WASHINGTON, DC-By Jones Lang LaSalle’s reckoning, office investment sales for the DC area are going to clock in between $5.4 billion to $5.6 billion. Whatever it turns out to be–and there are several deals racing for an end of the year close–the final number is bound to be lower than 2011′s $6.1 billion. JLL’s best estimate is a 11.5% drop year over year.

The reasons, of course, are painfully obvious to anyone active in the market. The uncertainty leading up to the presidential election and now, the question of the fiscal cliff, has paralyzed decision-making in the nation’s capitol. “Sequestration is looming over the market and we haven’t seen significant job growth,” JLL’s Jim Molloy tells GlobeSt.com. “Investors don’t know what is coming around the turn.”

Other reasons for the downturn JLL says, include an uptick in refinancings and, somewhat surprisingly at this point, buyer/seller expectations that are still too far apart. Surprising or not, however, it still exits.
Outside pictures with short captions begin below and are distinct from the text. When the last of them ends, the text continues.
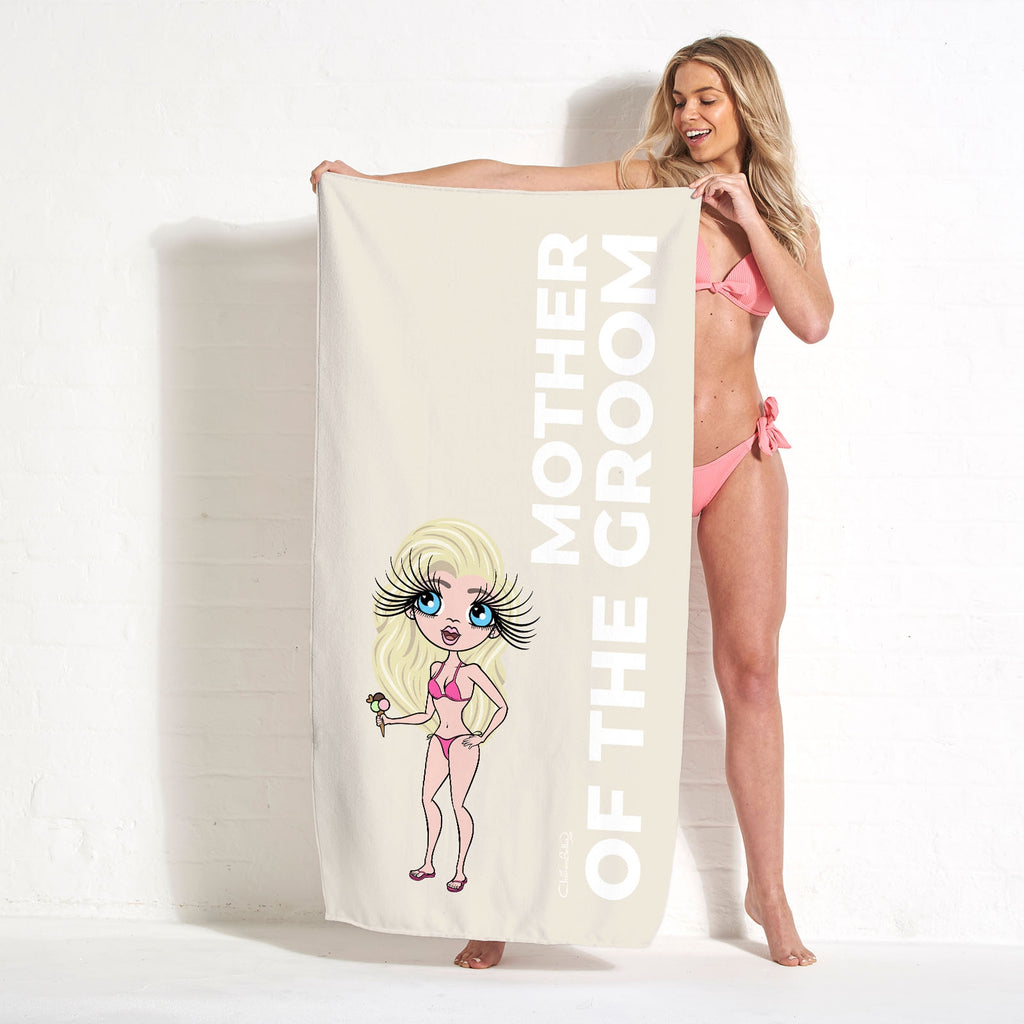 ClaireaBella Mother of the Groom Beige Beach Towel - Image 2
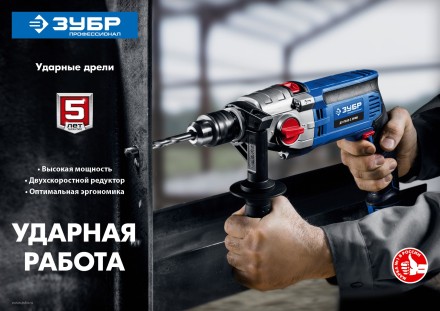 Дрель ударная двухскоростная + кейс ДУ-П850-2 ЭРМК серия ПРОФЕССИОНАЛ купить в Уфе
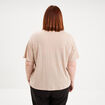 T-shirt col rond manches courtes coton beige femme grande taille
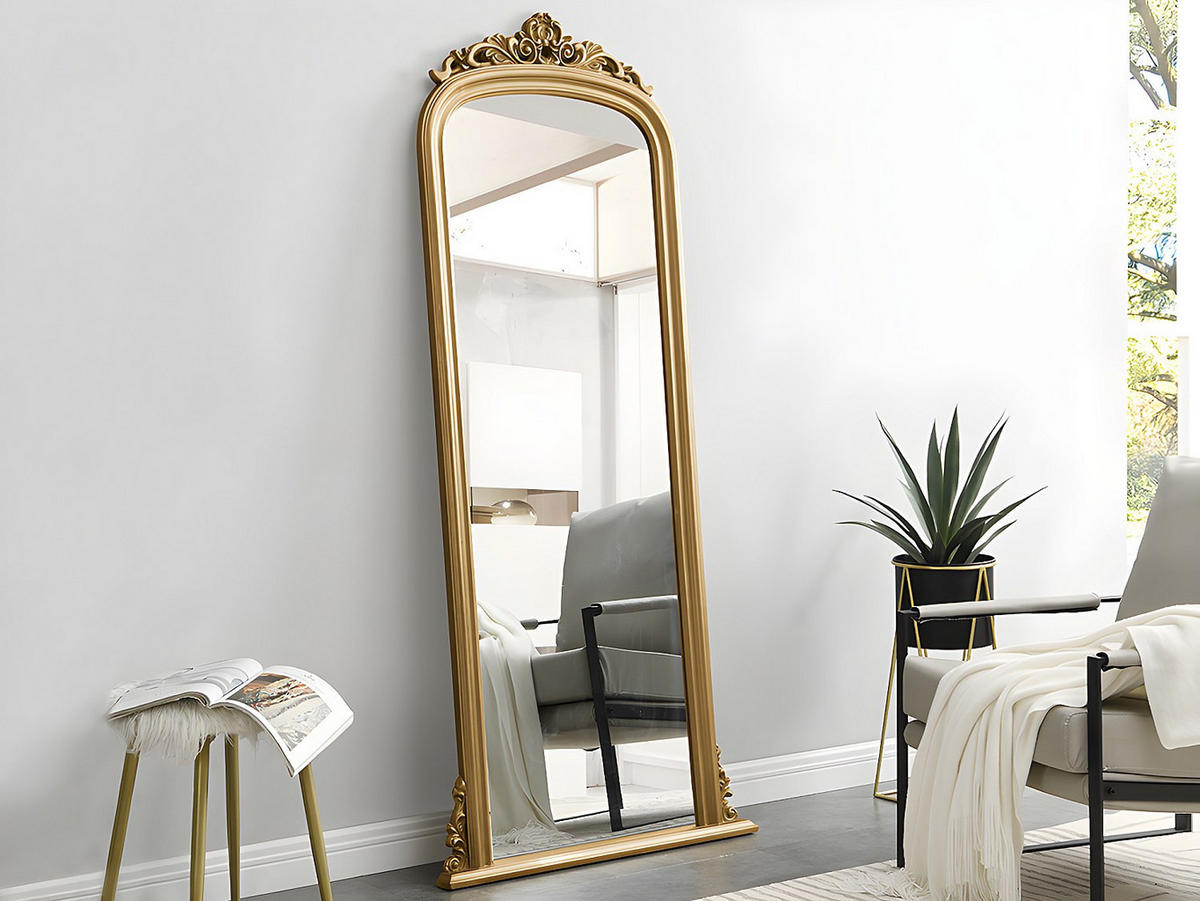 GROSSER Spiegel aus Paulowniaholz mit Zierleisten – H. 180 cm – Gold – MERRY - Goldfarben, Holz (80/180/5cm) - Vente-Unique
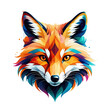 © Thamara - Colorful geometric fox head on a black background art on transparent background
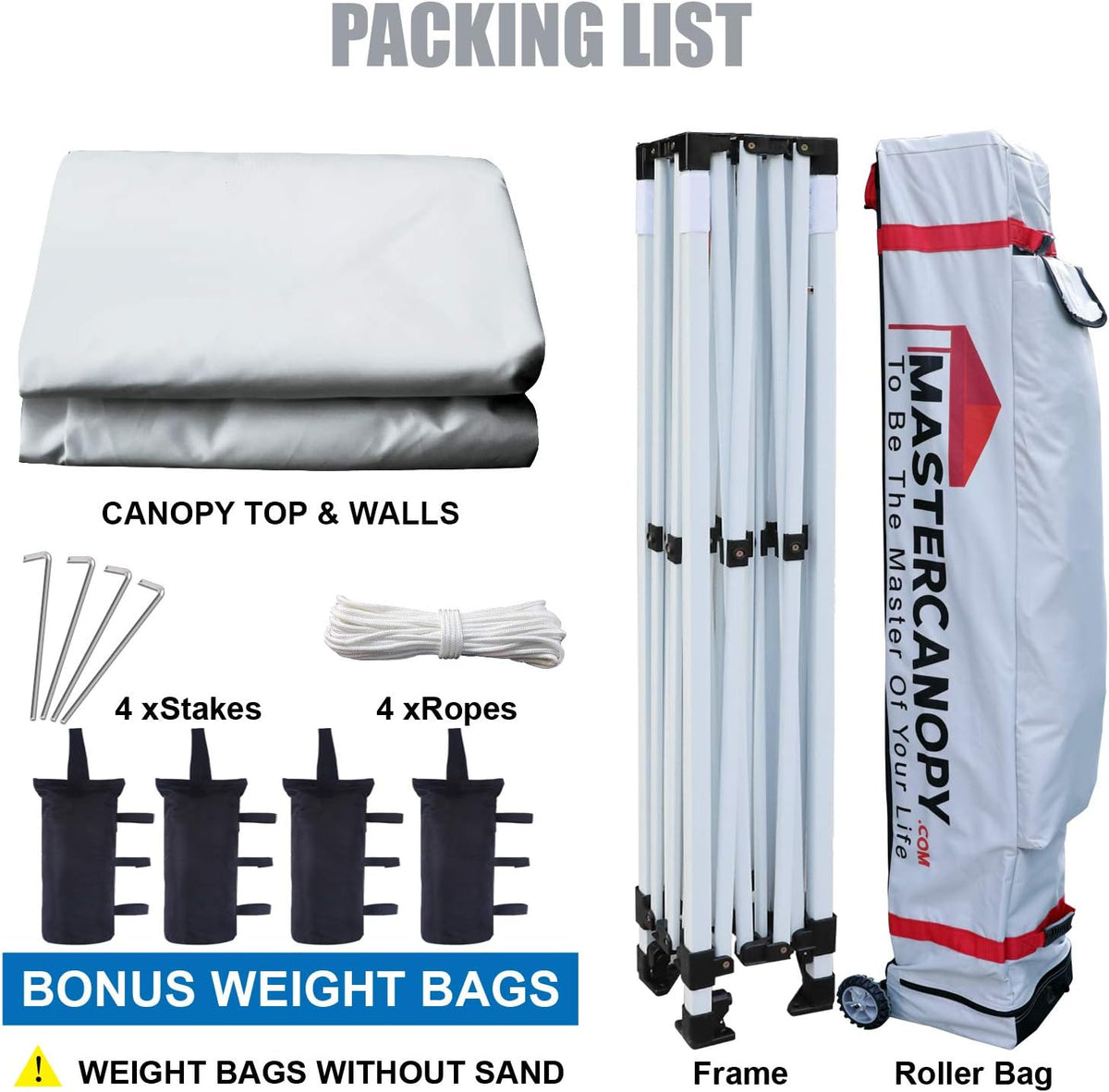 MASTERCANOPY Heavy Duty Pop-Up Canopy Tent With Sidewalls, 10x15 White - PKG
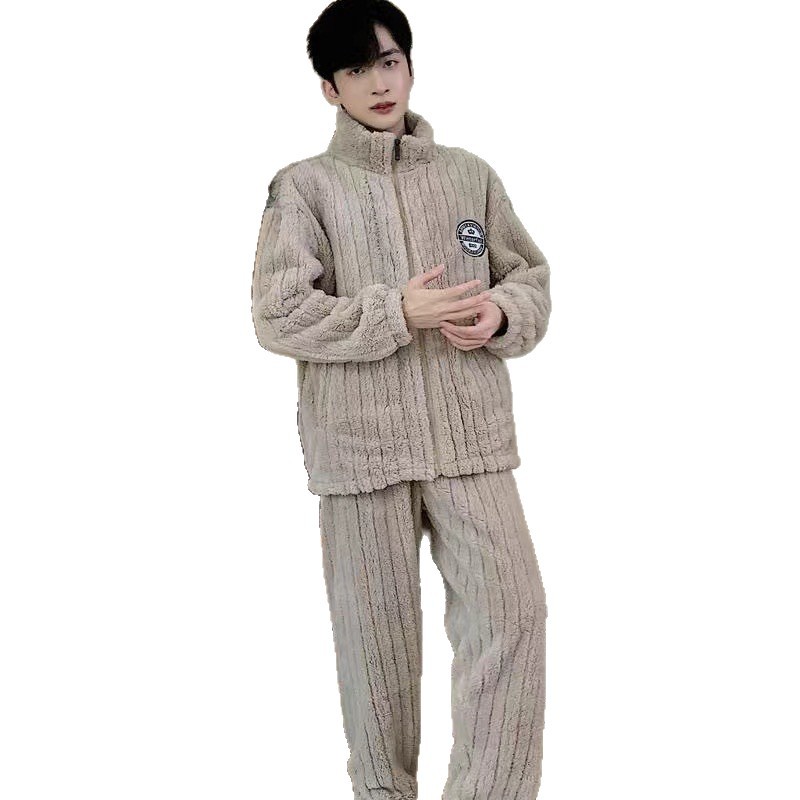 Invierno nuevo pijama de terciopelo de franela hombre simple coral sólido jacquard cremallera ropa casera set al por mayor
JLL points to the 25 Massachusetts Ave., NW, in which the ownership group elected to refinance the asset after initially placing the building on the market for sale.

For the moment the growth driver for the area is Downtown DC–specifically core assets in Downtown DC, Molloy says. Indeed MetLife’s acquisition of the Constitution Center for $734 million, or $524 per square foot accounted for 13.6% of the annual sales volume. At a 5.7% cap rate, it also helped push the average cap rate to near-record lows, JLL said.

Other notable transactions in Q4 included the sale of Reston Town Center at $385 million or $475 per square foot, and Union Center Plaza II at $107 million, or $358 per square foot.

For all the angst surrounding DC’s future, pricing has held up fairly well. For that we can thank low interest rates and a lack of investment alternatives. Sales in 2012 averaged a 5.8% cap rate, relative to a long-term average of 6.8%, JLL found.